- [Problem]: Output must consist only of the lines of the material below from the one with "a bedroom with a bed and furniture" through the one with "Wooden,Blocks,With,Words,'claim,Denied'.", each reproduced exactly; no pictures belong in it.

------ Extracted entries

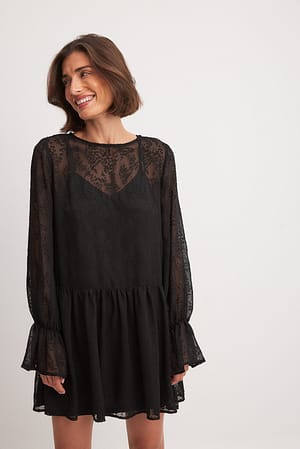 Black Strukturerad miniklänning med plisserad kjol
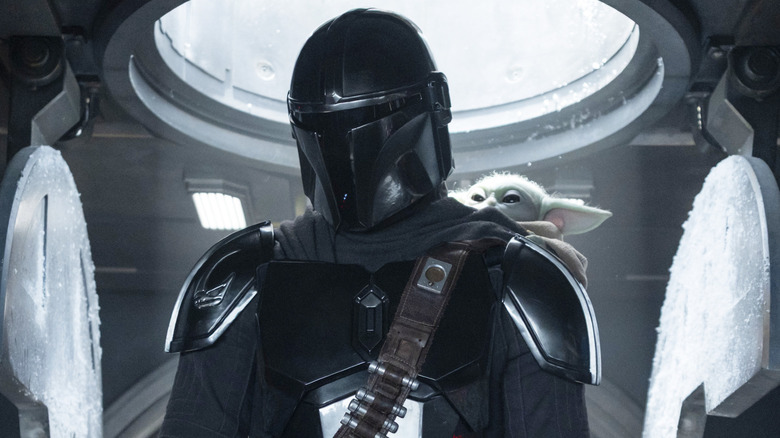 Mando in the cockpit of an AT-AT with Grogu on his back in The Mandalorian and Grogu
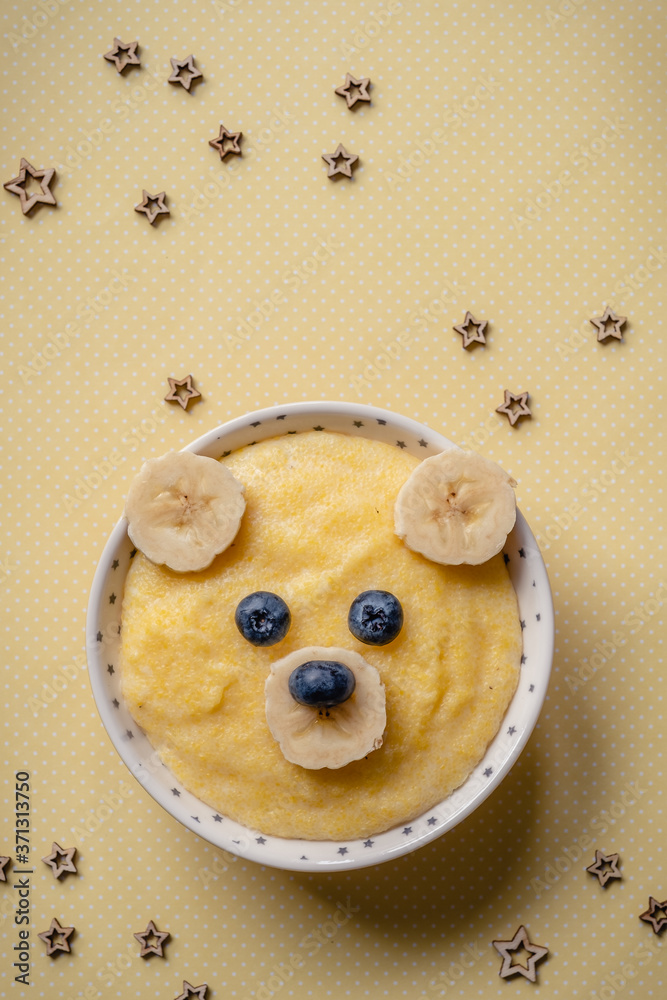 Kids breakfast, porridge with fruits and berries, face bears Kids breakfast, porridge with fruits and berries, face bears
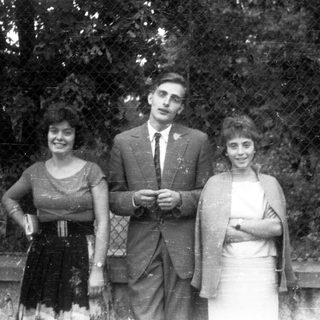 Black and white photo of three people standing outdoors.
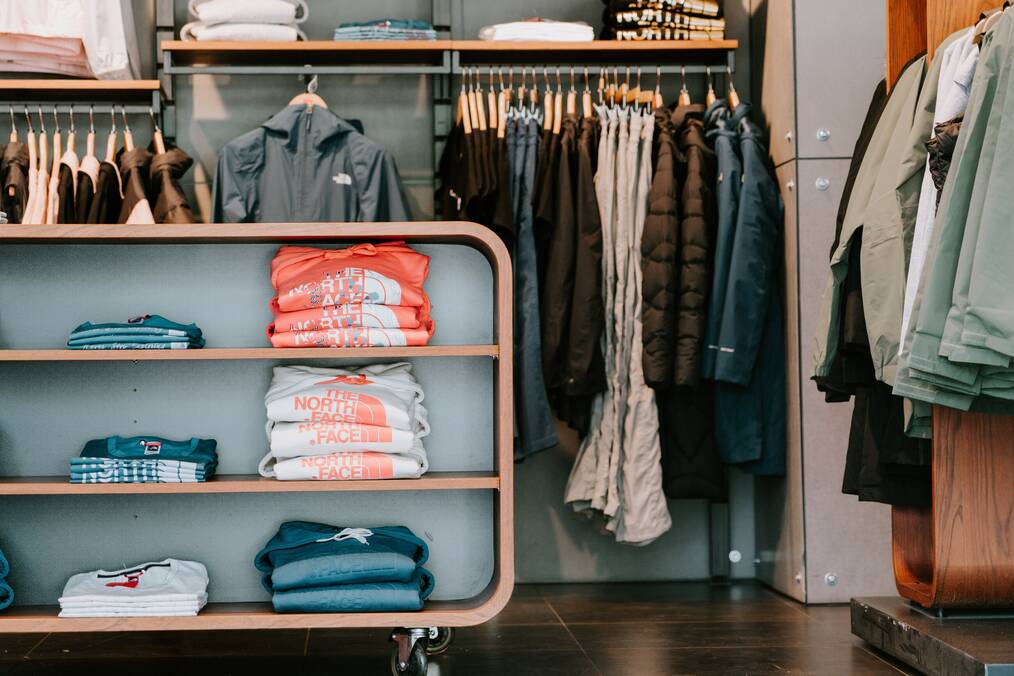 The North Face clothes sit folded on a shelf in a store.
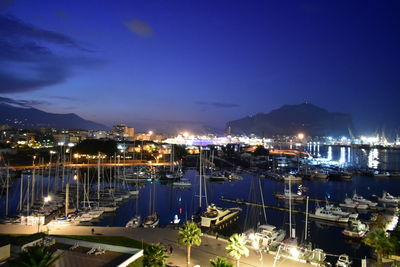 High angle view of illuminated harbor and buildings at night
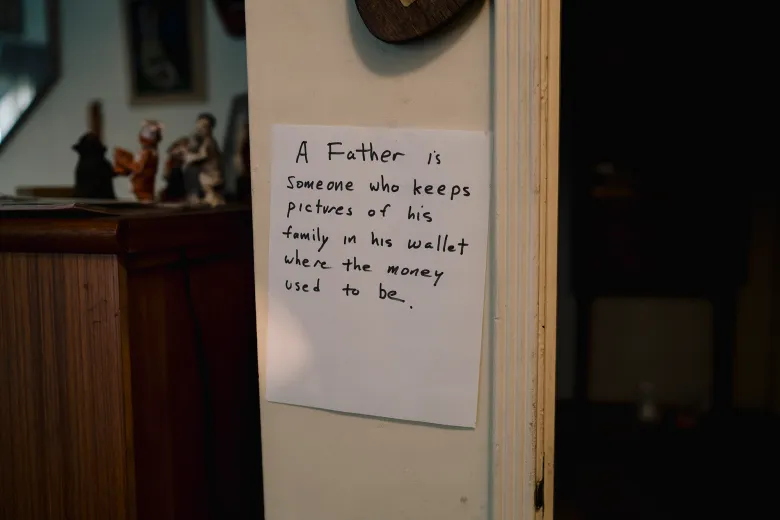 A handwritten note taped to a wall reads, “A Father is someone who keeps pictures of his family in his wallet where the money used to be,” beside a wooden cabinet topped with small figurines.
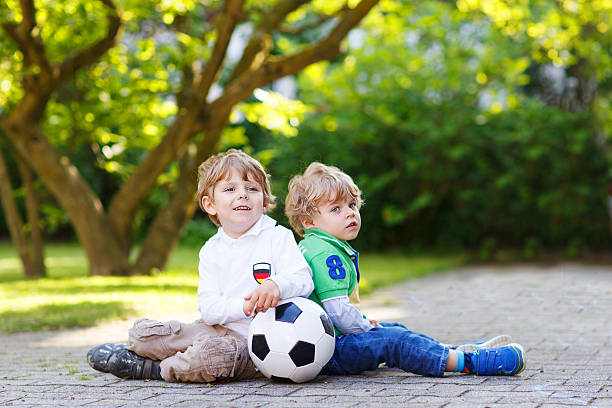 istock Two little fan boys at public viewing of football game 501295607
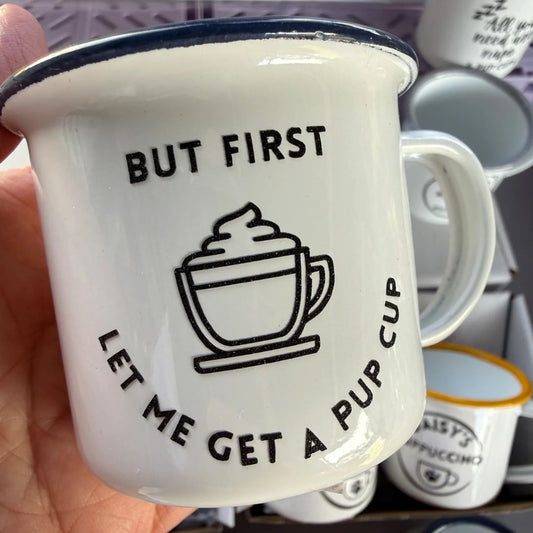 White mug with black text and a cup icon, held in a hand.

------------
------ Extracted entries

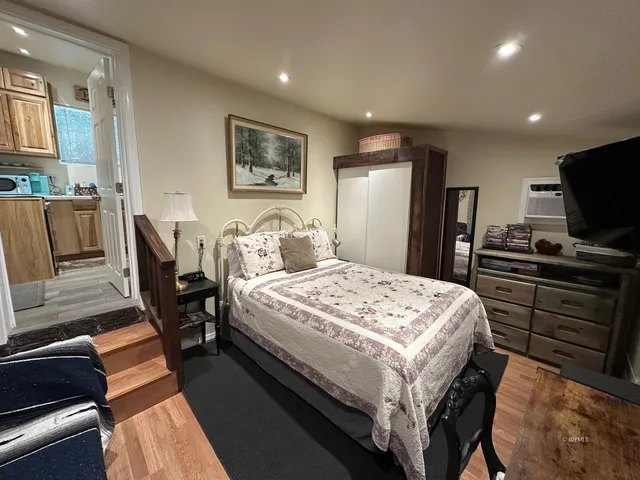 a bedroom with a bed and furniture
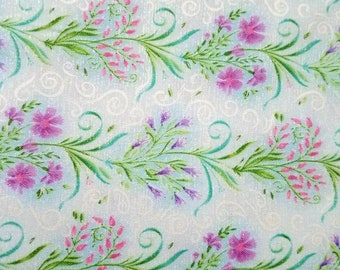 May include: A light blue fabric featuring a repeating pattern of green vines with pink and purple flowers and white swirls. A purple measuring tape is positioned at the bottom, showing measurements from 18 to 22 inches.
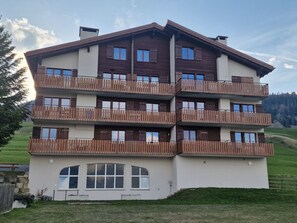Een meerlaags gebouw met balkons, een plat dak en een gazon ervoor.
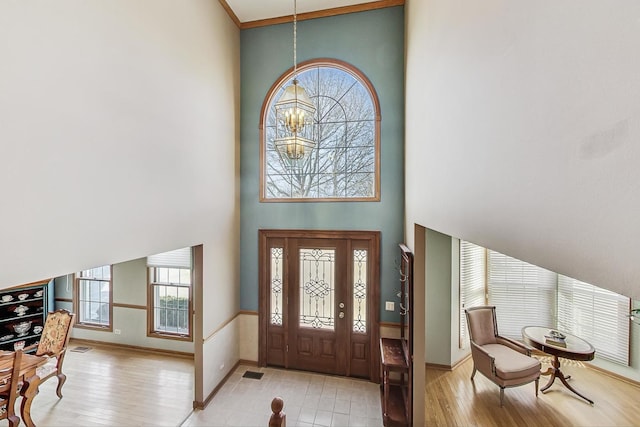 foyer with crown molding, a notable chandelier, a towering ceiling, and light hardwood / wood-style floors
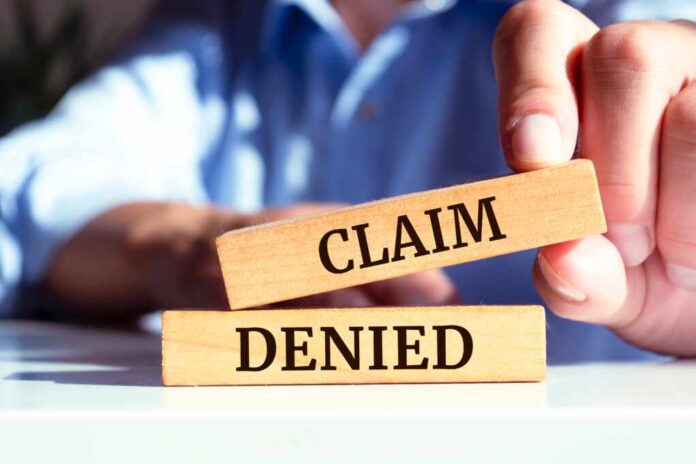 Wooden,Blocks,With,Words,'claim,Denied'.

------------

- [Answer for the task]:
 a bedroom with a bed and furniture
 May include: A light blue fabric featuring a repeating pattern of green vines with pink and purple flowers and white swirls. A purple measuring tape is positioned at the bottom, showing measurements from 18 to 22 inches.
Een meerlaags gebouw met balkons, een plat dak en een gazon ervoor.
 foyer with crown molding, a notable chandelier, a towering ceiling, and light hardwood / wood-style floors
 Wooden,Blocks,With,Words,'claim,Denied'.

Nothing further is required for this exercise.